**PROBLEM TO SOLVE**
Within the records below, repeat each line exactly but keep every picture out of the copy.

(Stored data entries)
• • • • •

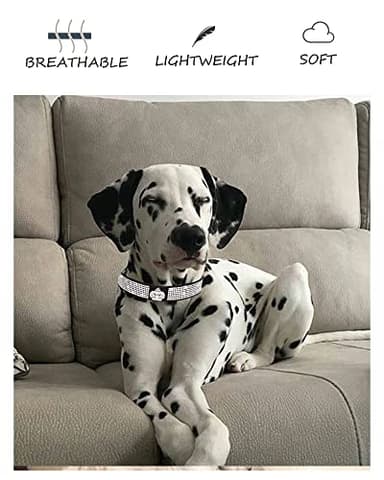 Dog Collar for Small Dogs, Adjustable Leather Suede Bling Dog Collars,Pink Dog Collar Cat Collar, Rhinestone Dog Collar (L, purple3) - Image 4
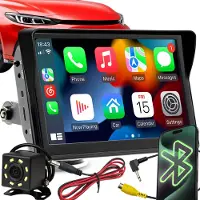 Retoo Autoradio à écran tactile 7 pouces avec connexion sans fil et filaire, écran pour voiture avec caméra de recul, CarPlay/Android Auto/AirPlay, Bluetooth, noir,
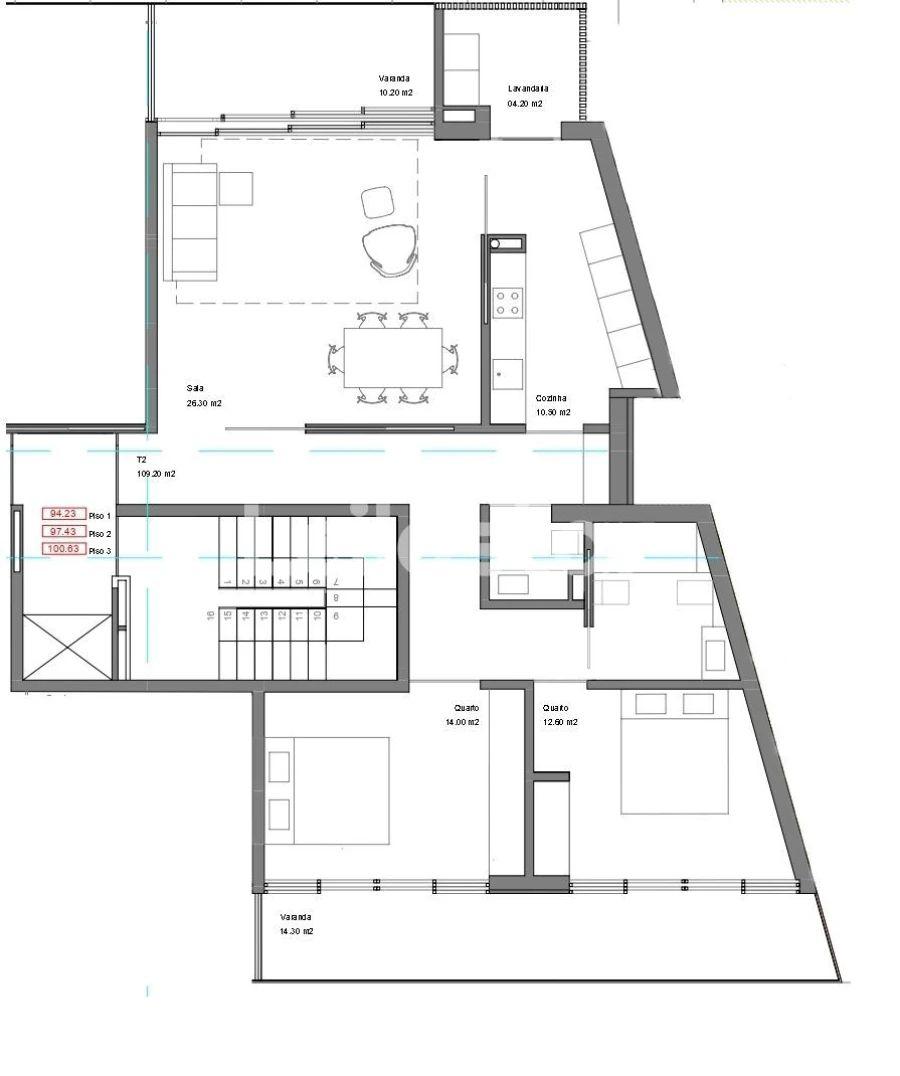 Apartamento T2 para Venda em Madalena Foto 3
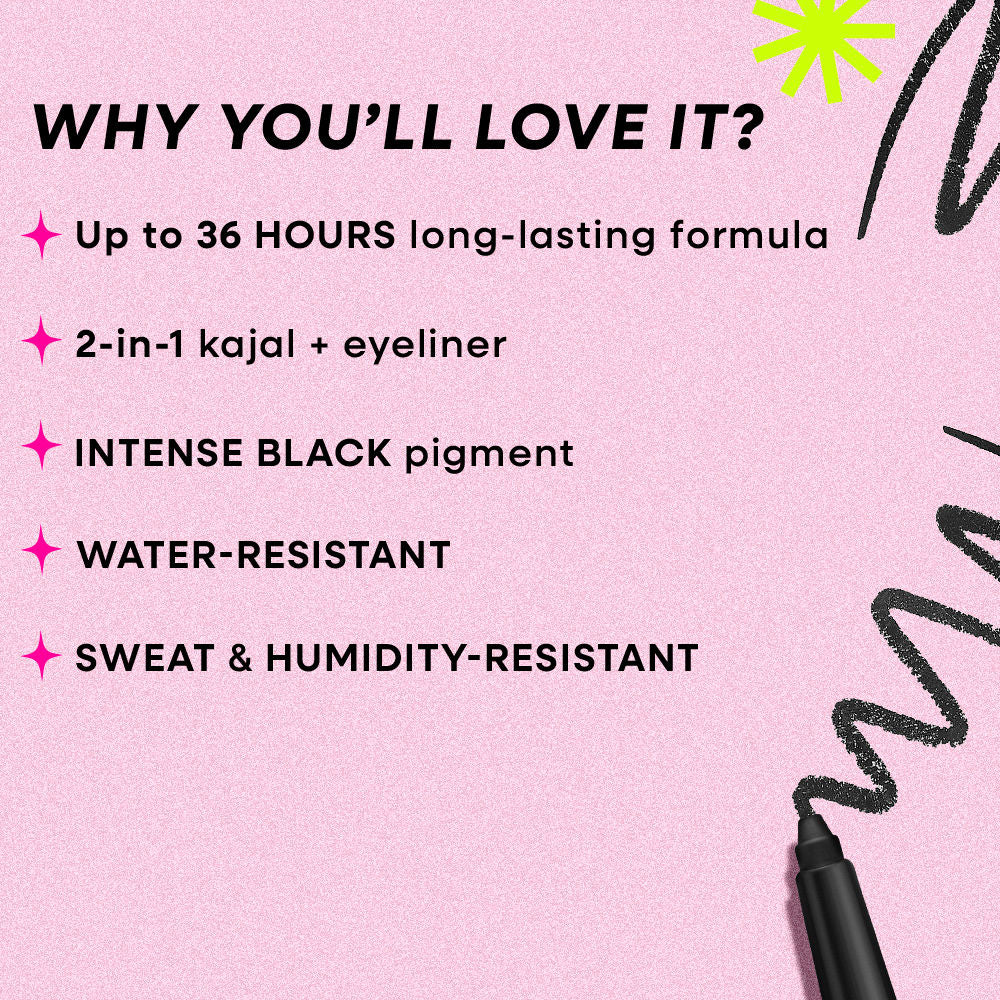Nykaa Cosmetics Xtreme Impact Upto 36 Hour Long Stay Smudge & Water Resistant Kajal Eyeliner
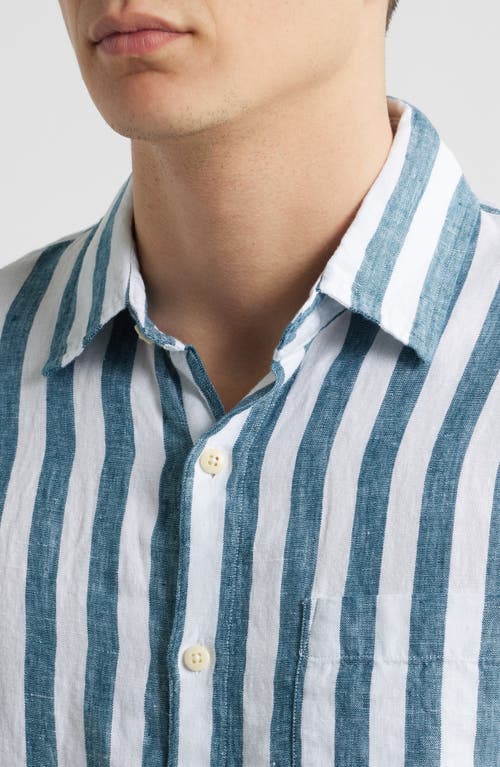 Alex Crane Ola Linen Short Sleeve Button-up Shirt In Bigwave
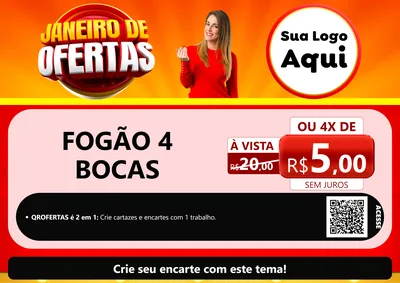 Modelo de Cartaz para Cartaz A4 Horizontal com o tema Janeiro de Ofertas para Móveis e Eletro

• • • • •

**EXERCISE RESPONSE**
 Dog Collar for Small Dogs, Adjustable Leather Suede Bling Dog Collars,Pink Dog Collar Cat Collar, Rhinestone Dog Collar (L, purple3) - Image 4
 Retoo Autoradio à écran tactile 7 pouces avec connexion sans fil et filaire, écran pour voiture avec caméra de recul, CarPlay/Android Auto/AirPlay, Bluetooth, noir,
 Apartamento T2 para Venda em Madalena Foto 3
Nykaa Cosmetics Xtreme Impact Upto 36 Hour Long Stay Smudge & Water Resistant Kajal Eyeliner
 Alex Crane Ola Linen Short Sleeve Button-up Shirt In Bigwave
 Modelo de Cartaz para Cartaz A4 Horizontal com o tema Janeiro de Ofertas para Móveis e Eletro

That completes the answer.